(Pictures with short captions)

####

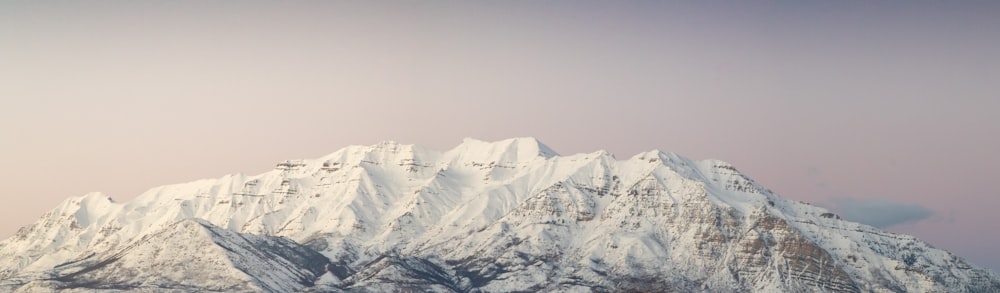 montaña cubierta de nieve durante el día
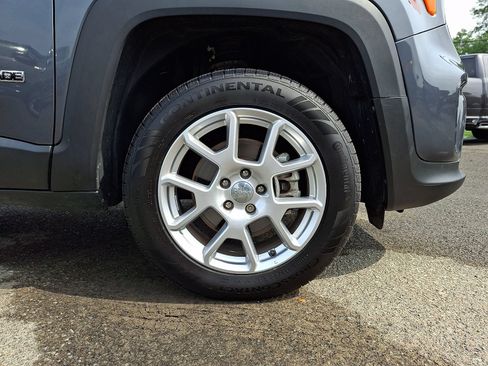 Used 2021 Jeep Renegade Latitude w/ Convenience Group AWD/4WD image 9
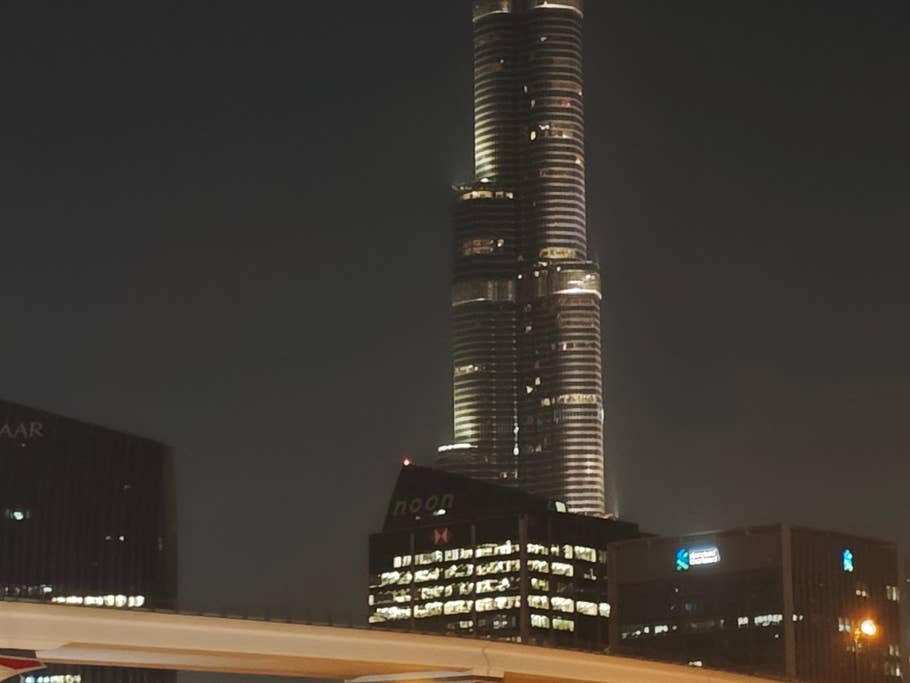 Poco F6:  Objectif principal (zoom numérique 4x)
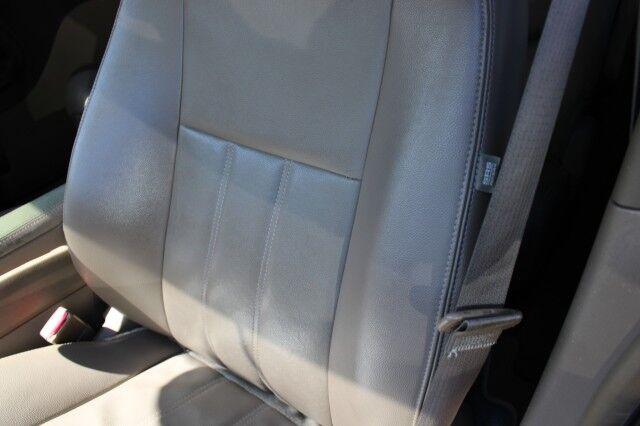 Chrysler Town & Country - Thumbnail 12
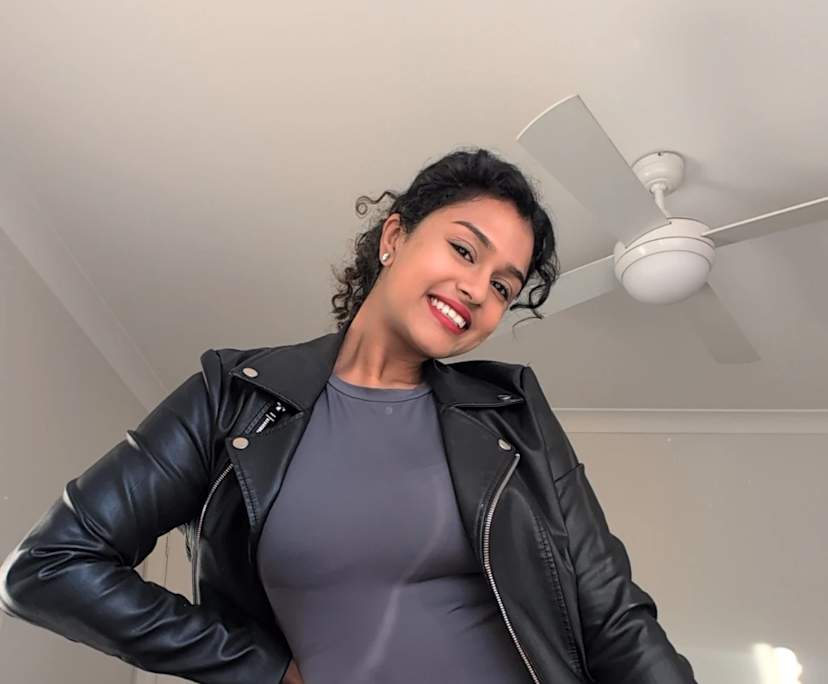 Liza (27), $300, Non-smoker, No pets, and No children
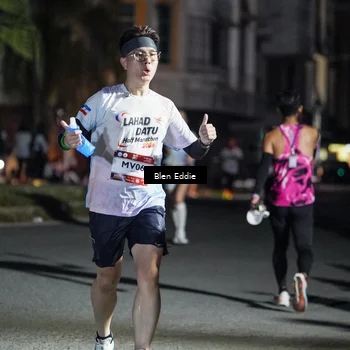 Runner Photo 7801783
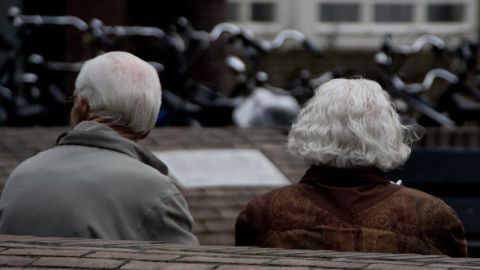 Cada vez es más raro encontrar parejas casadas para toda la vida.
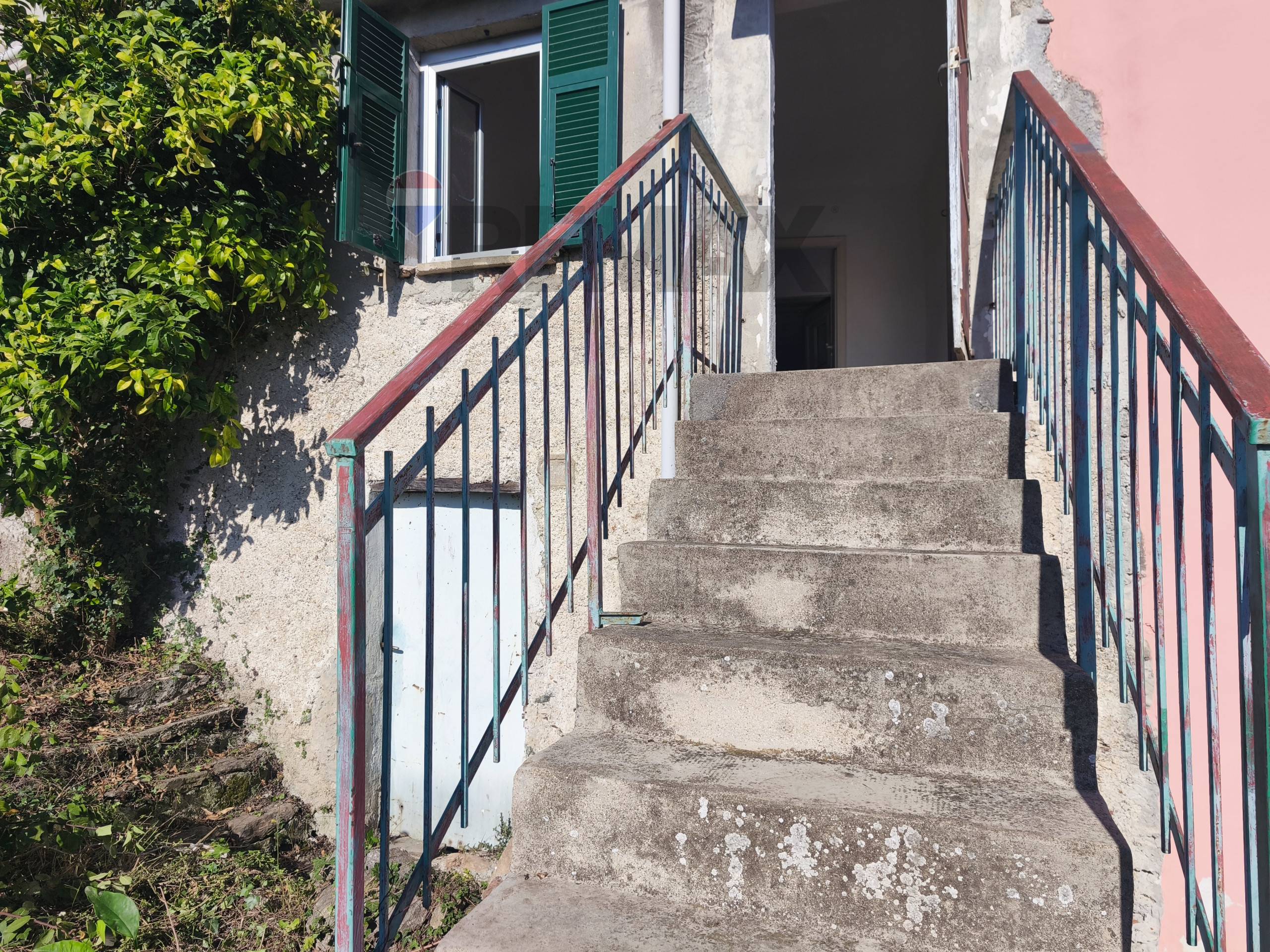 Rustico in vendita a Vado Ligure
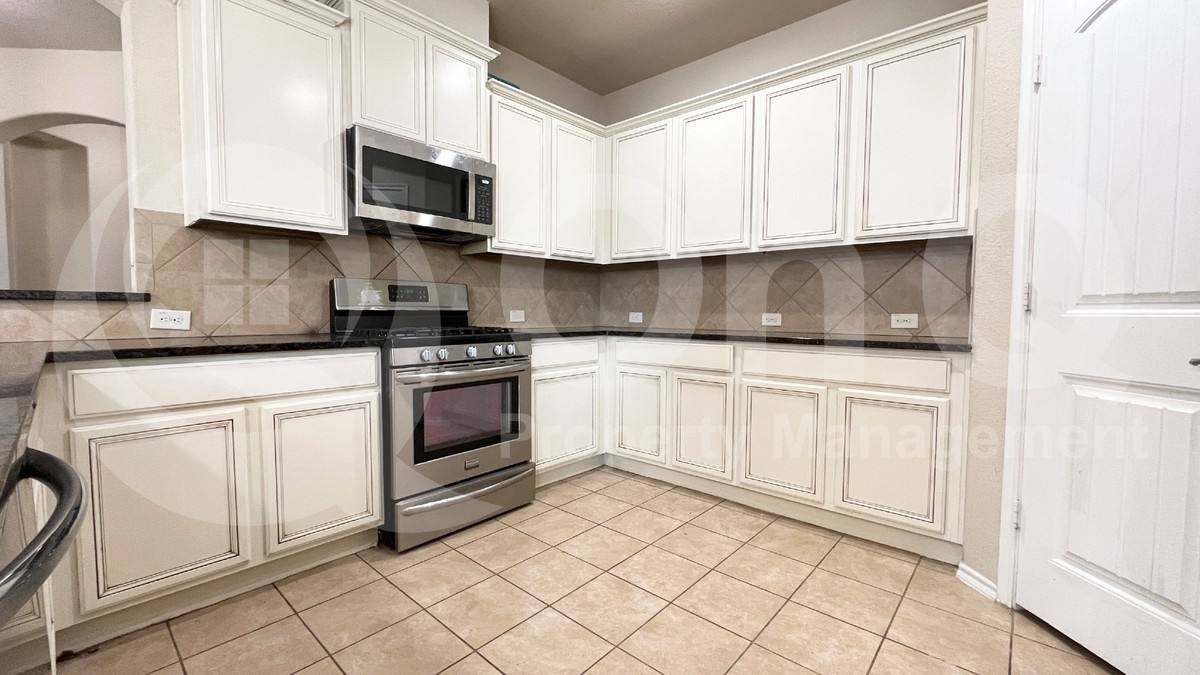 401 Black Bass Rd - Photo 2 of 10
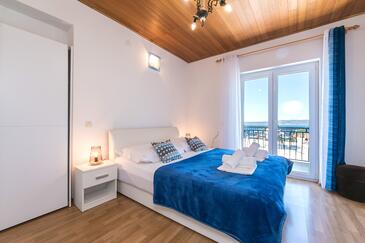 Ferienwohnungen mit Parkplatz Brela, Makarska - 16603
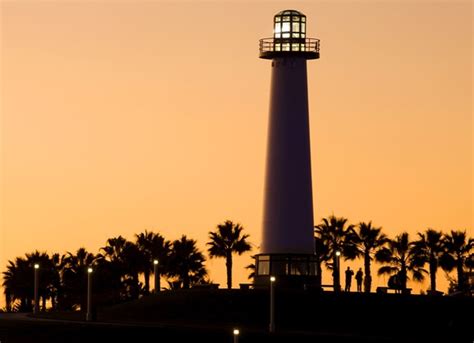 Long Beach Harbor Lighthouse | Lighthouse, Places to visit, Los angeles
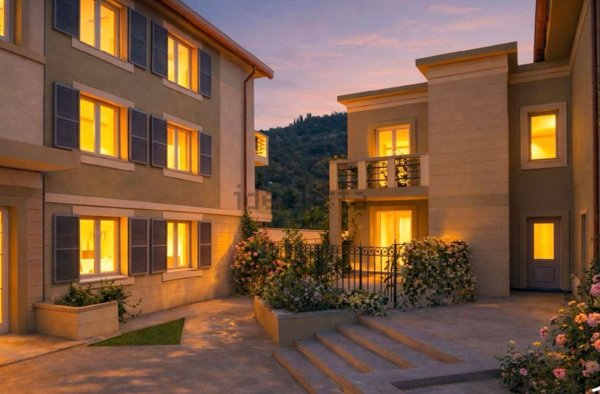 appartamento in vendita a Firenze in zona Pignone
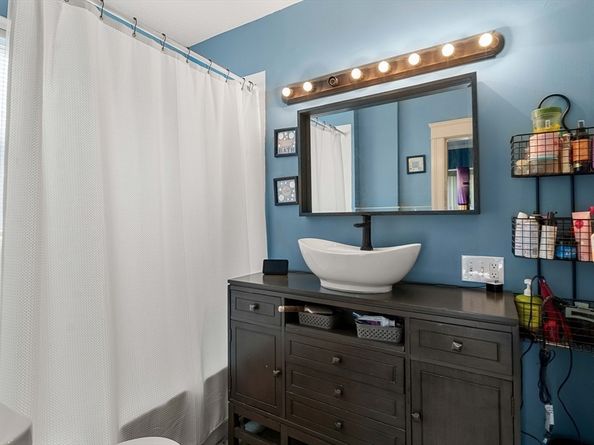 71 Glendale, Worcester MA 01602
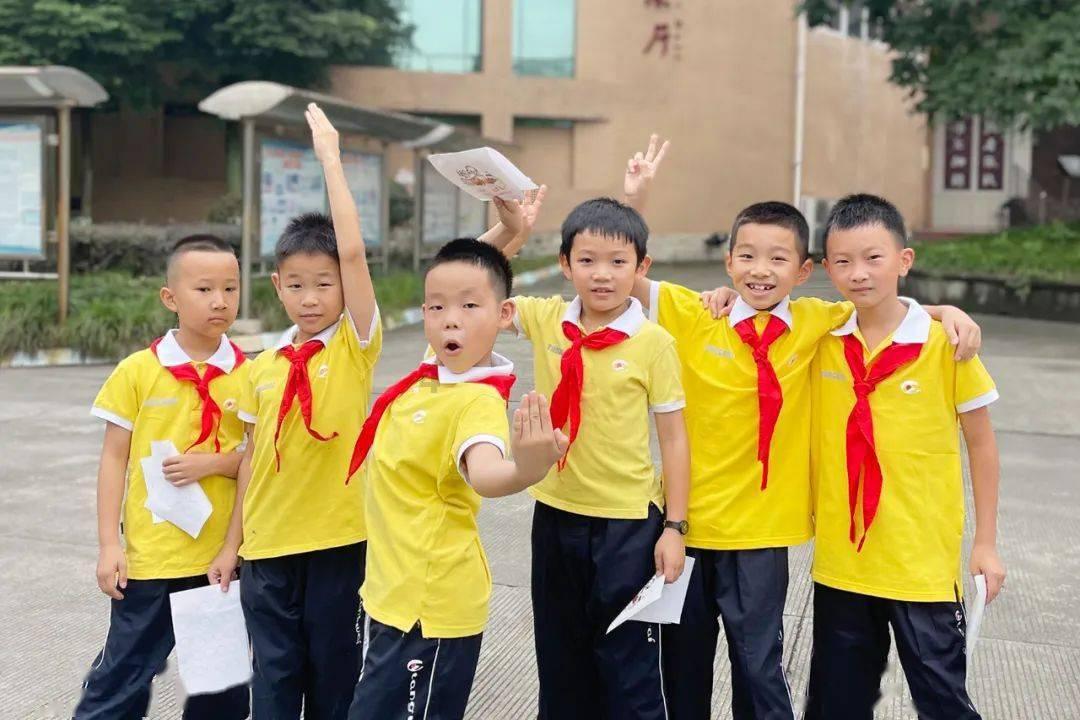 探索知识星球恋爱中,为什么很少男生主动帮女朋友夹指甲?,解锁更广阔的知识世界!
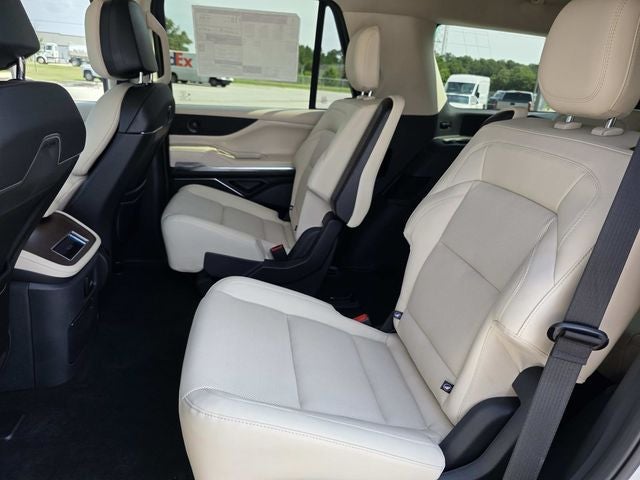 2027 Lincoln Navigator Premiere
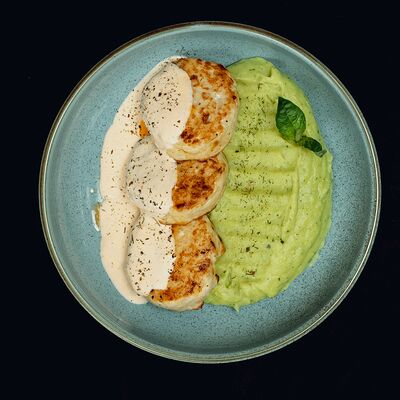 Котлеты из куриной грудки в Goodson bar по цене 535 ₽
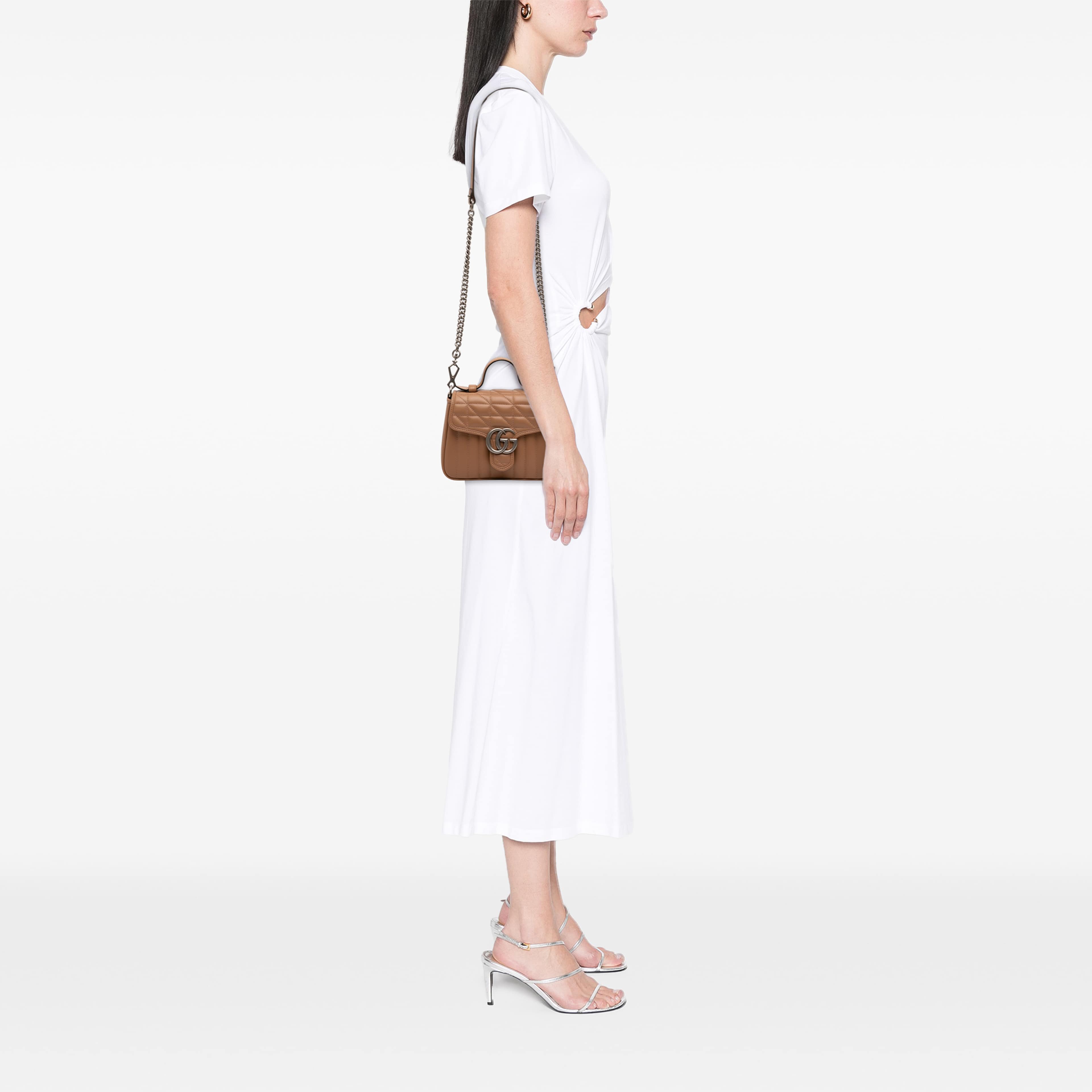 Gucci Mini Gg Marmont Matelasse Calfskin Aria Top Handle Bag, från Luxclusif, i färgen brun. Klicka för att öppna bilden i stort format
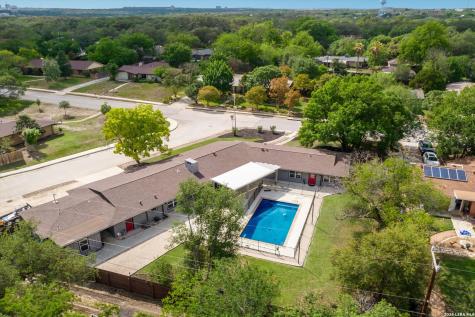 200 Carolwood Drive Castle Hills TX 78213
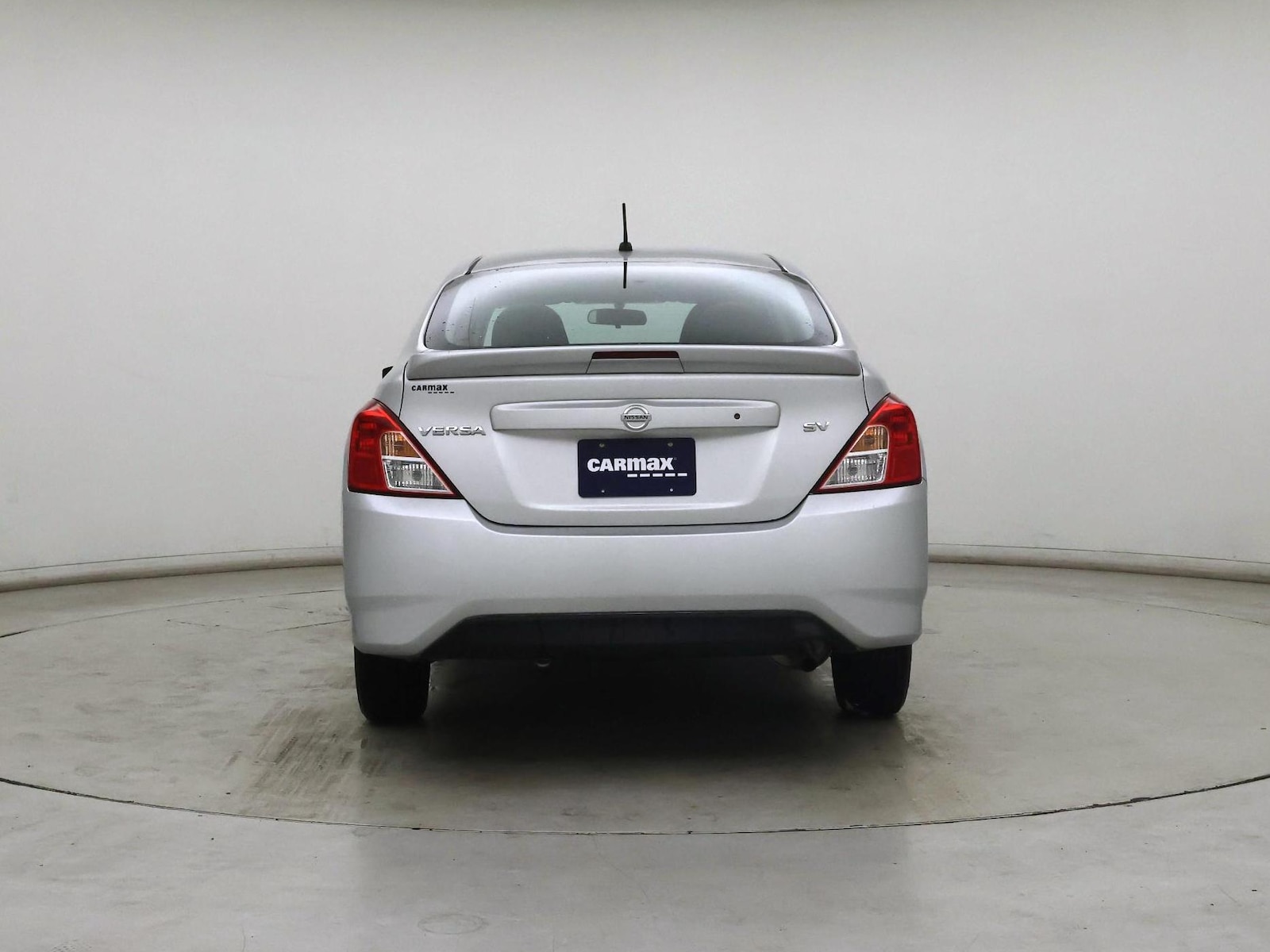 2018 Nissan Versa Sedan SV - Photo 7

####

*WHAT TO PRODUCE:* Write out exactly the run of lines above that starts at the line containing "Ferienwohnungen mit Parkplatz" and ends at the line containing "Котлеты из куриной". Include both, and leave the pictures out.

*EXERCISE OUTPUT:*
 Ferienwohnungen mit Parkplatz Brela, Makarska - 16603
 Long Beach Harbor Lighthouse | Lighthouse, Places to visit, Los angeles
 appartamento in vendita a Firenze in zona Pignone
 71 Glendale, Worcester MA 01602
 探索知识星球恋爱中,为什么很少男生主动帮女朋友夹指甲?,解锁更广阔的知识世界!
 2027 Lincoln Navigator Premiere
 Котлеты из куриной грудки в Goodson bar по цене 535 ₽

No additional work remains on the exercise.